LAST year’s Memory Walk could have been an excruciating one for Margaret MacLaren.

Margaret McLaren (left) and sister Ann are going to be taking part in the Memory Walk, raising money for Alzheimer's Scotland, and in memory of their mother Mary Baxter (Andrew Cawley/ DC Thomson)
Margaret McLaren (left) and sister Ann are going to be taking part in the Memory Walks, raising money for Alzheimer Scotland, and in memory of their mother Mary Baxter (Andrew Cawley/ DC Thomson)

Three days before she pulled on her walking shoes, Mary Baxter – the woman she had come to call mum – died after losing her fight with dementia.

It would have been perfectly understandable for Margaret, her daughter Rheann and Mary’s daughter Ann to pull out of the event last September.

But, if anything, it only made them more determined to be involved and, by the time they crossed the finishing line, what could have been an unbearable day became a very special one.

“We’d already signed up to do the Lochore walk in Fife when mum died but there was no hesitation in us going ahead with it,” said Margaret, from Dunfermline.

“It was an uplifting experience and not depressing at all.

“We wore T-shirts with a picture of mum and were able to chat with people beforehand – other families and people from Alzheimer Scotland.

Memory Walks
A Memory Walk

“It was emotional but it was also lovely to think we were giving something back.”

Margaret and Ann grew up on the same street and were best friends. When Margaret was a teenager, her relationship with her own family became strained and Ann took her under her wing.

The relationship grew deeper and Margaret came to regard Mary – or Mimi as she was also known – as her mum while Ann became a sister.

Margaret went on to have three children and Mary saw them as her grandchildren.

So when Mary was no longer acting like herself, Margaret, Ann and the rest of the family grew concerned.

“The first thing we noticed was she wasn’t eating and lost a lot of weight,” Margaret explained.

“She was also becoming confused about certain words, her personal care was failing and she wasn’t going to bed.”

The early symptoms were put down to old age but she was eventually diagnosed with Alzheimer’s when she was 80.

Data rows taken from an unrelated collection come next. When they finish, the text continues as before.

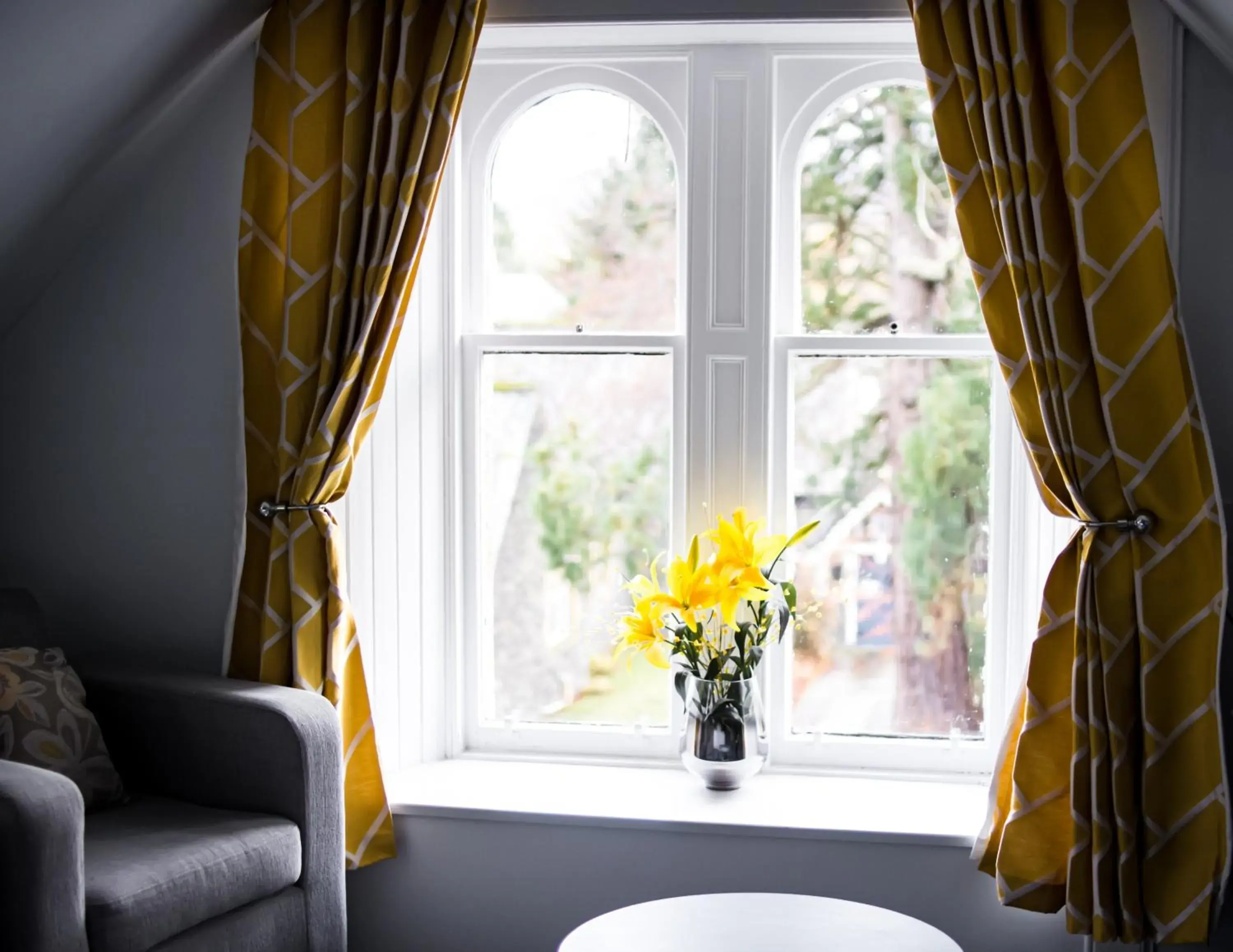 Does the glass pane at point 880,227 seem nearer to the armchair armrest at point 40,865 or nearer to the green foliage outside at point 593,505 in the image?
the green foliage outside at point 593,505

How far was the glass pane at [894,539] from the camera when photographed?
2.54m

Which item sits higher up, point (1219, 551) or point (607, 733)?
point (1219, 551)

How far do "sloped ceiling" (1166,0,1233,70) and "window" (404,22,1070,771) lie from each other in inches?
21.1

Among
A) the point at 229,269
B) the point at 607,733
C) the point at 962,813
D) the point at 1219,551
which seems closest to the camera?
the point at 1219,551

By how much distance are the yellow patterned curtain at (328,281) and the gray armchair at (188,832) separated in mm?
177

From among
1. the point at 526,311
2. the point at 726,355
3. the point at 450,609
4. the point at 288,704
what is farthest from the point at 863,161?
the point at 288,704

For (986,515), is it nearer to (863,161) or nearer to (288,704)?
(863,161)

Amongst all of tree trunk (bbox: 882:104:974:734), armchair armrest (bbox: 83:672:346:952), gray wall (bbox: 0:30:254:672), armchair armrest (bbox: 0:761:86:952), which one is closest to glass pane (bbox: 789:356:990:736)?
tree trunk (bbox: 882:104:974:734)

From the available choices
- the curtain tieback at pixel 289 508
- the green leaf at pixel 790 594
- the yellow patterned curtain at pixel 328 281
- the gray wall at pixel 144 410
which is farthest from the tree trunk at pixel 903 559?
the gray wall at pixel 144 410

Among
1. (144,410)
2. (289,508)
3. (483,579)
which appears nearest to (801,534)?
(483,579)

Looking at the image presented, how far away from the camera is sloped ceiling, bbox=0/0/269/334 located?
6.54 feet

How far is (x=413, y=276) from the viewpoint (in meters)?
2.35

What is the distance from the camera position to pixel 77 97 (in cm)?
215

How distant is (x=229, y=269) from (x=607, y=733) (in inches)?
51.5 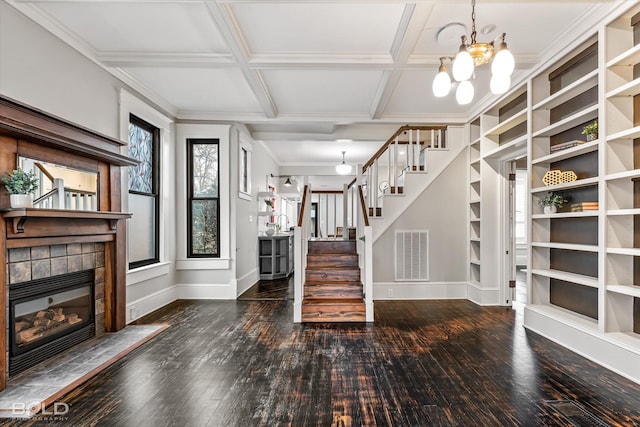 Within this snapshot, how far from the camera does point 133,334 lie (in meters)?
3.81

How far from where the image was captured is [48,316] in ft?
10.3

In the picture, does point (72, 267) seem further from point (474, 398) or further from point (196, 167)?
point (474, 398)

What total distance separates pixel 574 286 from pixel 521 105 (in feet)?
7.95

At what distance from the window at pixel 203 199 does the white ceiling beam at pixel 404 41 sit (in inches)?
113

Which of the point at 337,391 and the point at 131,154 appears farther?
the point at 131,154

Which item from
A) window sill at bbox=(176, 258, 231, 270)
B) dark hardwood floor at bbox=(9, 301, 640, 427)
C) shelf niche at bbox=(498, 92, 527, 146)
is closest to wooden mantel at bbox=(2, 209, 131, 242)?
dark hardwood floor at bbox=(9, 301, 640, 427)

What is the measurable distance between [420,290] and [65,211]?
4.89m

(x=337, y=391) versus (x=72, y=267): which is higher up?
(x=72, y=267)

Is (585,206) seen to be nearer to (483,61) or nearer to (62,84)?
(483,61)

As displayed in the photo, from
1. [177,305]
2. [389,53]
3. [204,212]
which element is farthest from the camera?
[204,212]

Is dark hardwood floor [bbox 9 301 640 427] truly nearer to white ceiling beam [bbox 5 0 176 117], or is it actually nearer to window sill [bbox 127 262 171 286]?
window sill [bbox 127 262 171 286]

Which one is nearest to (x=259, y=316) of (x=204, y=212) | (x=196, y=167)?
(x=204, y=212)

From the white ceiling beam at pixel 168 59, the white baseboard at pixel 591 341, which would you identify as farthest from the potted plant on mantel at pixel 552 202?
the white ceiling beam at pixel 168 59

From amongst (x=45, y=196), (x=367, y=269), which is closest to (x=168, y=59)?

Over time she required more and more care and became anxious about being left alone in her sheltered housing accommodation.

Mum-of-one Ann said: “We realised she required full-time care, so we visited a number of homes.

“When we came across Bandrum Nursing Home, it was just perfect.

“The staff were so welcoming and comforting and they looked after us as well as Mum.”

Mary moved in last April and her family couldn’t believe how much she picked up.

Ann continued: “Instead of living in a world of anxiety and being uptight, she was all smiles and so happy to see us when we visited.

“The carers worked miracles.

“It was so special getting her back for that time.

“We never thought we would hear Mum say she loved us again, but we did.”

That’s why the three ladies have already signed up to do a Memory Walk again this year.

Memory Walks
A Memory Walk

Margaret – who will also abseil off the Forth Bridge next month in aid of Alzheimer Scotland – said: “We’re doing it in memory of the most loving, beautiful and giving woman we were privileged to know.

“Hopefully the Memory Walks grow bigger and bigger each year and it’s great to see the amount of support Alzheimer Scotland is now getting.

“Mum was there when I needed her, so I will be there doing this for her.”